5. On the Respondent being a flight risk, it was submitted by Mr. Abubakar for the Respondent that when he learned of the charges, he did not flee but filed petition before the High Court. When the Court directed him to take plea in Malindi he did just that, in spite of saying that the charges were illegal.

6. The second ground is that the Respondent is likely to interfere with prosecution witnesses in particular one Dennis Ndegwa (Ndegwa), an accomplice who had recorded a confession implicating the Respondent. It is said that Ndegwa has been threatened against testifying against the Respondent by both the Respondent and his emissaries including one Caroline Wangui. On this allegation, the Respondent submitted that the Respondent has no knowledge of Dennis and has not been to Lamu this year. Further, all evidence was given in Criminal Case 233 of 2014 and there is therefore no further evidence to be adduced.

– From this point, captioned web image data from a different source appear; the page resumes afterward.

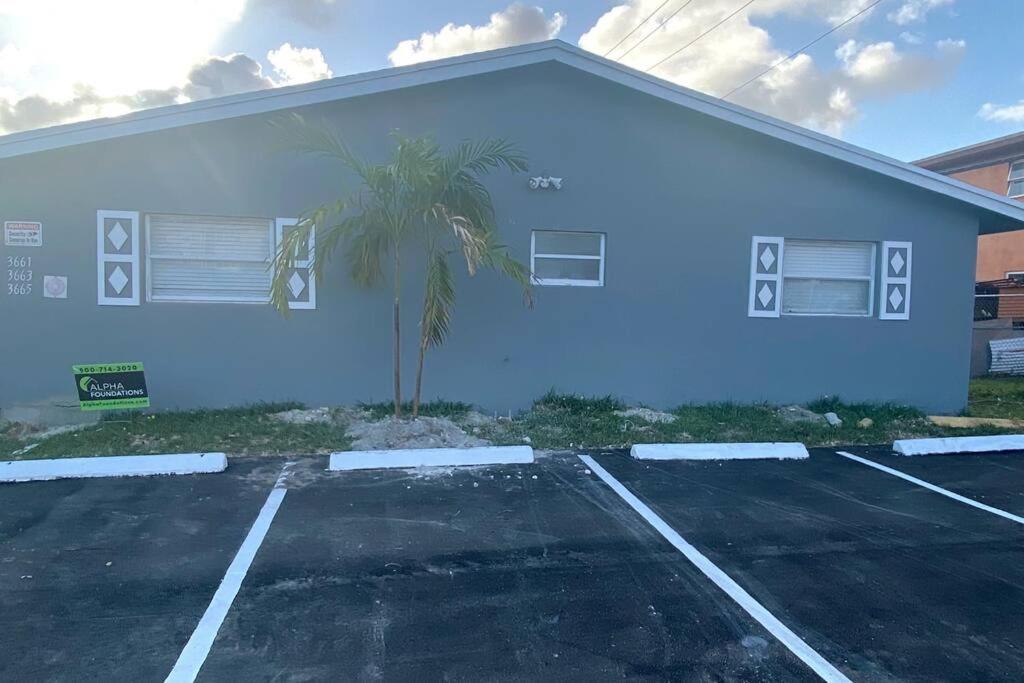 Lovely 2-bedroom 1-bath In Oakland Park Fl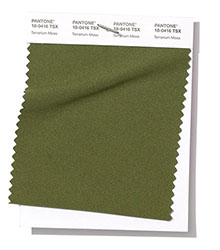 Pantone|纽约时装周春/夏2019时尚色彩趋势报告(图12)
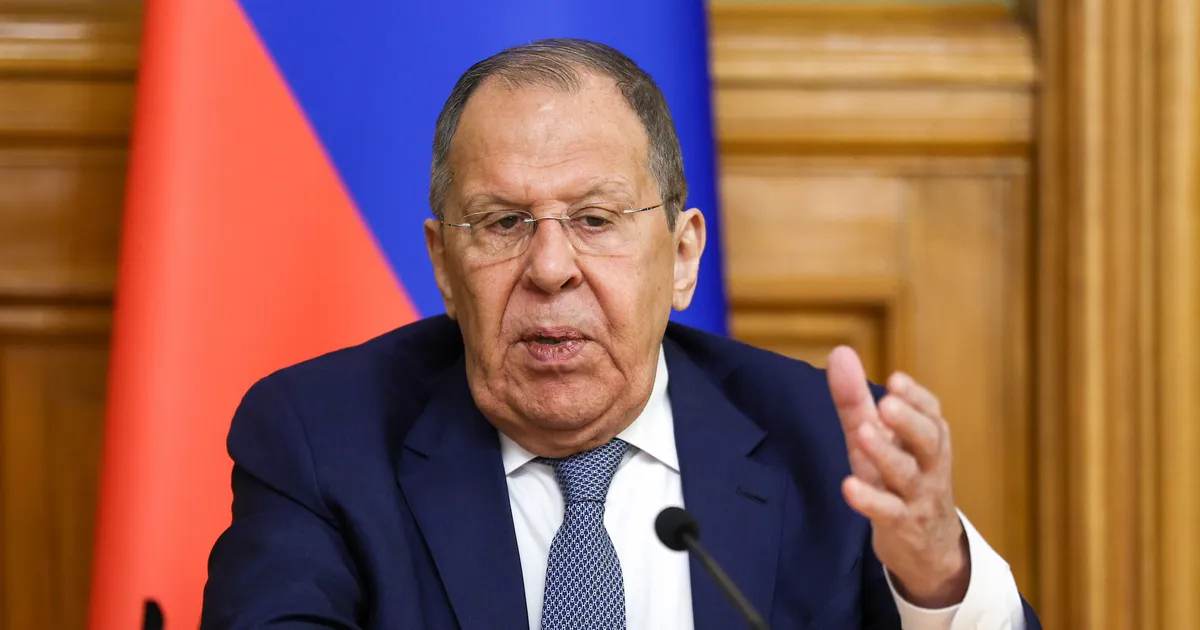 Meedia: Lavrovi jutt seab Vene-Ukraina läbirääkimised kahtluse alla ja Trump on end nendest taandanud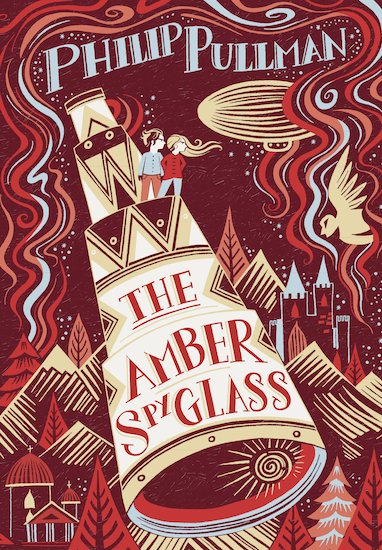 The Amber Spyglass (Gift Edition)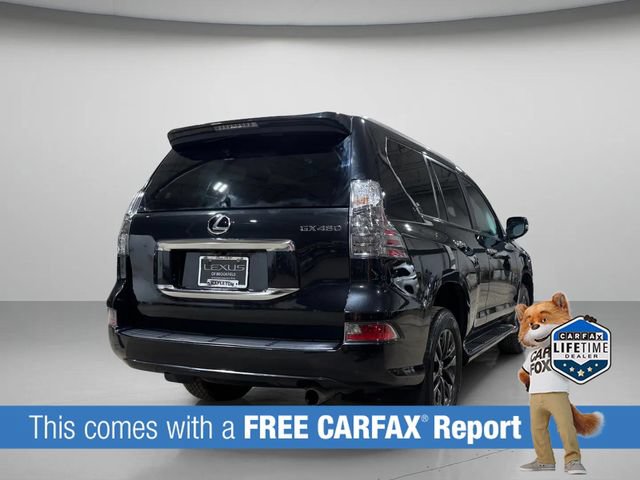 Used 2023 Lexus GX 460 Premium AWD/4WD image 4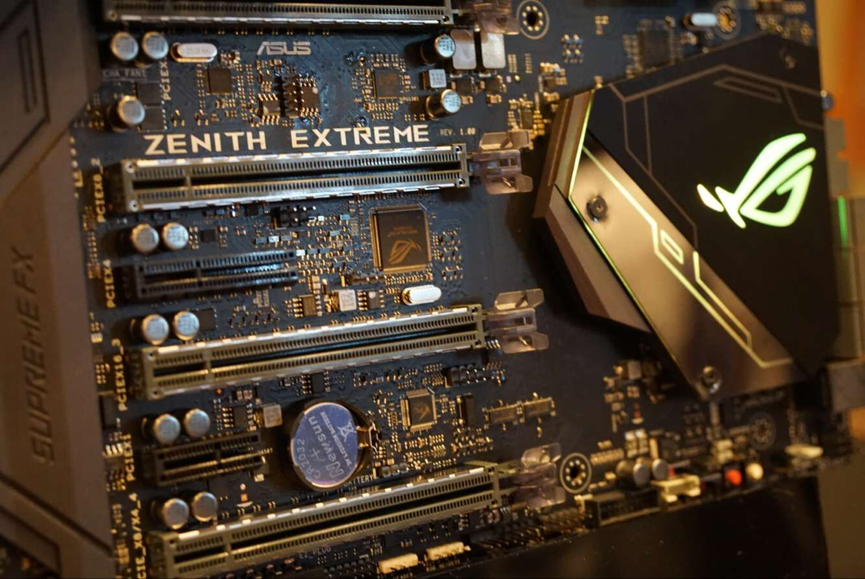 我是最强X399主板：ASUS 华硕  ROG ZENITH EXTREME 详细解读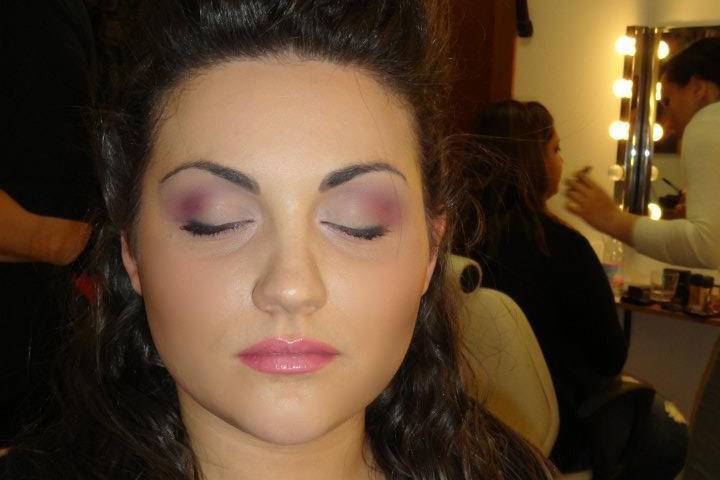 Laura Nastasi Make Up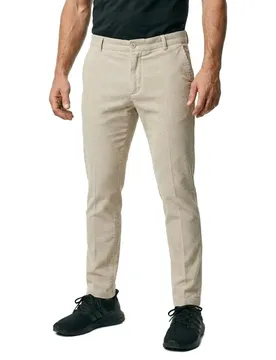 Pantaloni Chino Ace Corduroy Moonbeam 29
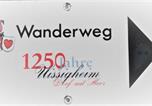 Location vacances Marktheidenfeld - Ferienwohnung auf dem Dorf, Külsheim-3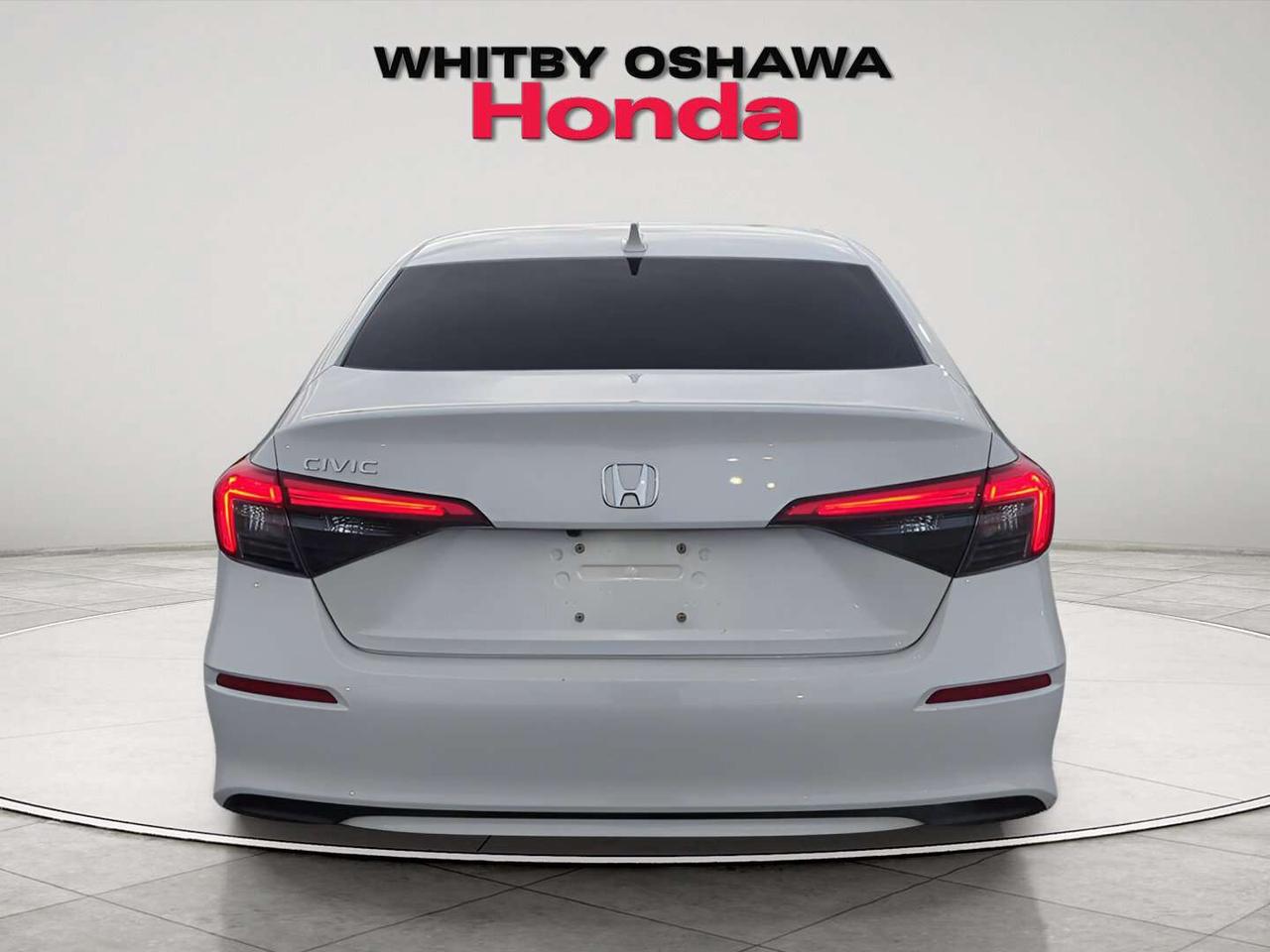 2024 Honda Civic EX Photo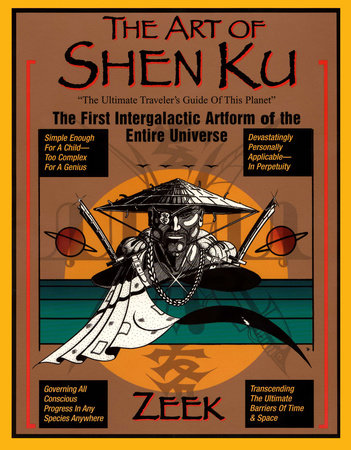 The Art of Shen Ku by Zeek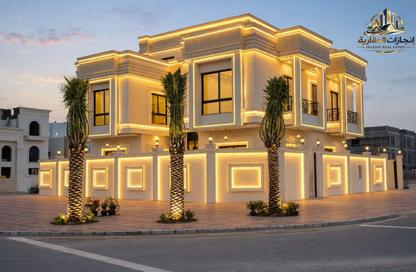 Villa - 6 Bedrooms - 7+ Bathrooms for sale in Kabbali Hills - Al Helio 2 - Al Helio - Ajman Villa - 6 Bedrooms - 7+ Bathrooms for sale in Kabbali Hills - Al Helio 2 - Al Helio - Ajman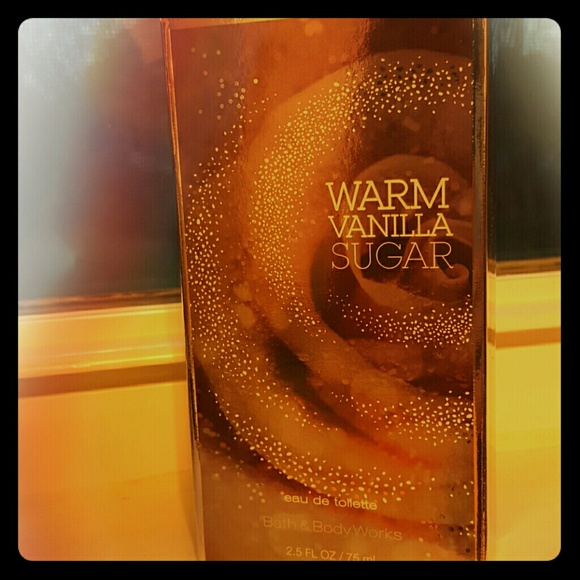 Warm Vanilla Sugar Eau de Toilette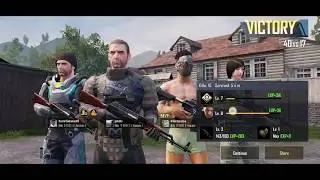 pubg game play training match #pubg #Hero Simulation Games
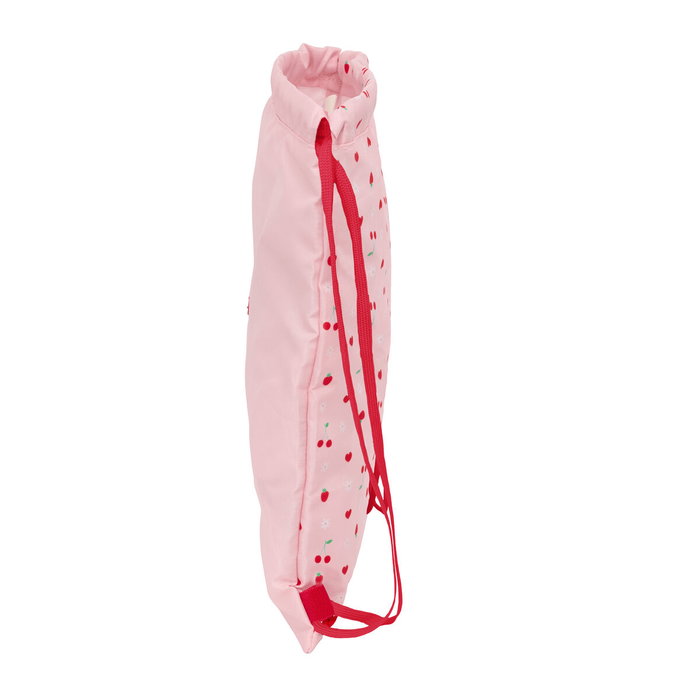 Sac à dos serré par des ficelles Glow Lab Frutitas 35 x 40 x 1 cm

7. The Court was asked to exercise its powers under Section 364 and reverse the order granting bond to the Respondent. In the event the Court was inclined to grant bond then the Applicant urged that this be done after Ndegwa has testified. The Court was also urged to consider that the damage caused was of Kshs. 8 million. The Respondent opposed this line of submissions and argued that even persons who are accused of heinous offences such as murder and defilement are granted bond as there is no offence that is not bailable. The bond granted to the Respondent accords to the bail and bond policy and the parameters of the law. It is not illegal, incorrect or improper.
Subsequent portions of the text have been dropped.